Il faut sauver le soldat Fret

Guillaume Pépy est un homme heureux. Depuis tout petit, il a tout bien fait comme on lui a dit de faire, de son mieux ; il a bien coché les bonnes cases, bien rempli les petits bulletins, et laborieusement rempli ses copies sur les bancs de l’école (celle d’administration, bien sûr) et, de fil en aiguille, est parvenu à se tailler une place au soleil. Par des efforts constants de travailleur de l’ombre, effacé et pugnace, il aura réussi à gober les échelons de la société dans laquelle il est rentré il y a vingt ans et à parvenir à sa direction sans trop faire de dégâts et en utilisant modérément du piston. Pépy est donc un homme heureux.

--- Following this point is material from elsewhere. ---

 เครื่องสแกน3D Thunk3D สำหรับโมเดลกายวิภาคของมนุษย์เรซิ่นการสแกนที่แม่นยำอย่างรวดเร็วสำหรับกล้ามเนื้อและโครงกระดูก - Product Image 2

Mais ce dimanche, plus de confiture dans le buffet, ou café froid, allez savoir, et – paf ! – c’est le drame : Pépy veut en finir avec la gréviculture.

Eh oui.

Il est comme ça, le père Guillaume. Pas de confiotte au petit-dèj, et ça chie au Grand Jury RTL-Le Figaro-LCI.

Franchement ! Il a vraiment pété un câble pour sortir qu’il faut arrêter avec les mouvements de force syndicaux et les arrêts intempestifs de travail, dans l’entreprise qui est devenue, sur le dernier demi-siècle, l’emblème quasi-exclusif de la grève, de la paralysie nationale et de la décrépitude d’un pays dont l’immobilisme est devenu une marque de fabrique.

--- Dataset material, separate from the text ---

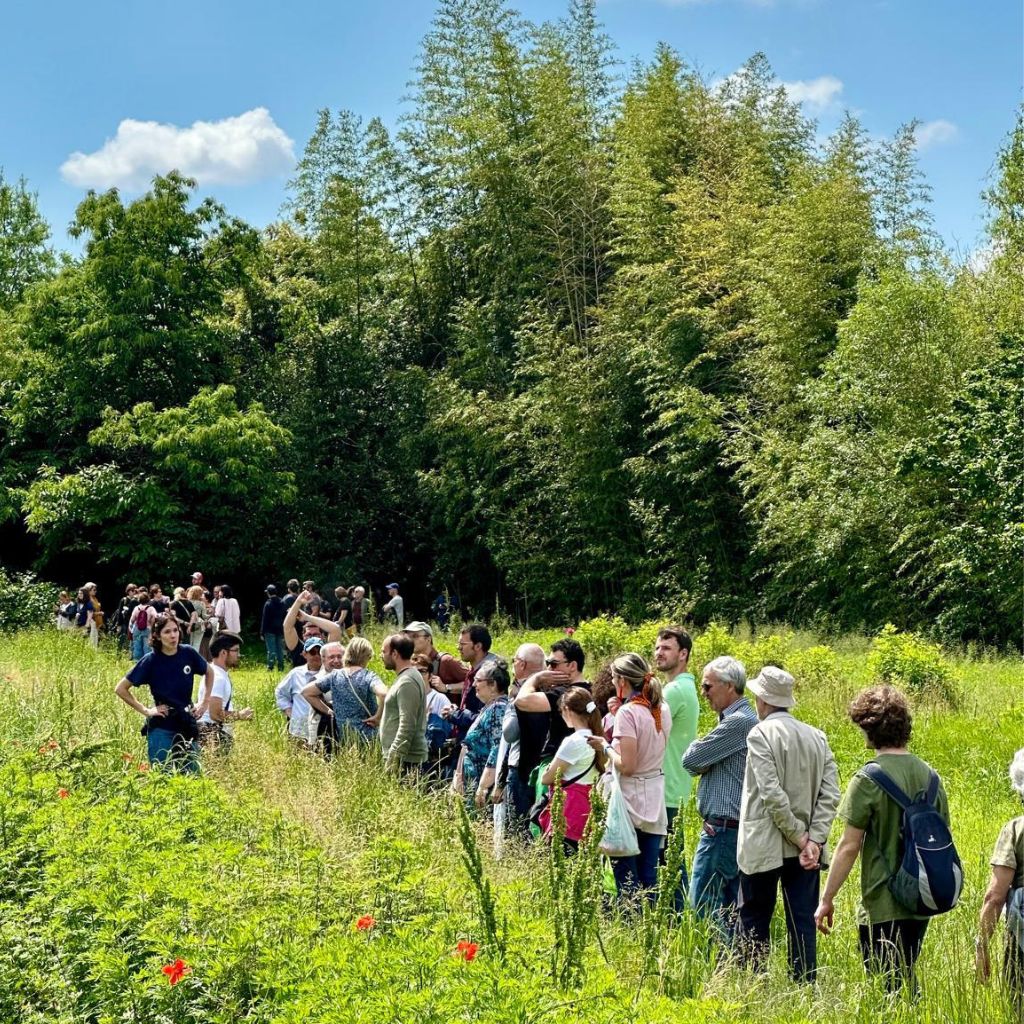 Immagine di sfondo della pagina Giardino di Fondazione La Comune: un evento tra natura, accessibilità e inclusione per persone con disabilità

Pire : on croirait voir dans cette déclaration une ironie déplacée quand on sait que demain mardi, l’ensemble des forces de progrès et de défense des acquis sociaux de la classe ouvrière va remettre les couverts et mettre un maximum de bazar dans le pays en tentant, pour la huitième fois au moins depuis le début de cette année, d’obtenir des rallonges, avantages et autres aménagements d’un travail dont la pénibilité réside de plus en plus dans son rythme chaotique barbeq-grève-repos-dodo.

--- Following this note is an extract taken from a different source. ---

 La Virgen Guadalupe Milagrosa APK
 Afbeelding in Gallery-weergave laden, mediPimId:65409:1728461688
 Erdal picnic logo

En fait, le message de Pépy va plus loin : non seulement il veut, en quelque sorte, remettre les cheminots au travail, ce qui ne manquera pas d’étonner les usagés (noter l’accent aigu) des « services » (noter les guillemets) du rail en France, mais en plus veut-il redonner au fret de marchandises une importance prépondérante, rendre cette activité bénéficiaire à moyen terme et partir sous les bravos de la foule vers une retraite bien méritée courant 2012 pour s’installer dans le Luberon dans un petit mas qu’il retape pendant son temps libre et qu’il dotera d’un buffet rempli de confitures pour ne plus jamais en manquer.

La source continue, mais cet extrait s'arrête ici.